There’s a piece that runs the whole side of the car that’s the biggest single casting Jaguar has ever done, and weighs just 5.8kg. (The entry-level F-Pace manual diesel weighs an impressively skinny-for-a-truck 1665kg overall.)
A third of that aluminium is recycled, a figure the company wants to increase. Impressively, despite the principles the car shares with the equally aluminium intensive XE and XF, 81 per cent of the F-Pace is unique. This is no superior parts-bin lash-up.
It also uses Jaguar’s brilliant integral multi-link rear suspension, and double wishbones upfront. The configuration has been modified for off-road duty, with strengthened lower arms and bonded bushes to better repel dust and dirt, but promises class-leading agility and turn-in.
Jaguar claims the car’s lateral stiffness is 50 per cent better than the Macan’s, and promises noticeably better compliance at the front than the P*****e.
Here’s another great nugget: because you sit higher in an SUV, and further away from the front wheels’ contact patch, the engineers haven’t just retuned the electric steering, they’ve added a fifth mounting on the rack compared to the XE and XF to preserve proper feel. Clearly it’s not all down to software algorithms.
We'll do our best to get it stuck at some point...
Like its siblings, the F-Pace is available with passive dampers, adaptive damping, and the configurable dynamics package, which allows you to fiddle about with throttle, chassis and steering.

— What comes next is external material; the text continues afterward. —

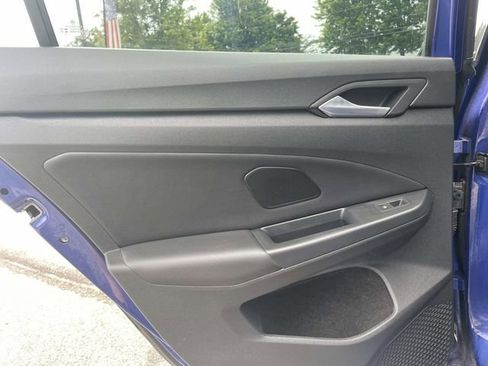 Used 2024 Volkswagen Golf R AWD/4WD image 15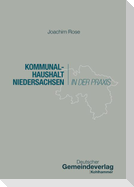 Kommunalhaushalt Niedersachsen in der Praxis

It’s clearly not a Land Rover, but the torque-on-demand all-wheel drive system – which uses a transfer case with a multi-plate clutch – gives it decent off-road chops. Jaguar’s proprietary Intelligent Driveline Dynamics (IDD) takes charge of torque distribution. Rest assured we’ll do our best to get it stuck at some point.
As well as entering the market sector that has basically taken over the world, Jaguar is conscious that there’s a whole generation out there whose idea of connectivity has sod-all to do with what’s happening at the front wheels. So, like its saloon brothers, the F-Pace has what amounts to a full-blown PC tucked in its rear wheelarch somewhere, supporting a quadcore Intel processor, and mobile ethernet with a 1GB/second bandwidth.
This being a family ‘lifestyle’ vehicle, let us rejoice at the news that it can support four separate tablets/smartphones/ whatevers, thus preserving familial harmony on long journeys. There are also four USB ports, an armoury of apps, and some analogue but still enormously useful cup-holders.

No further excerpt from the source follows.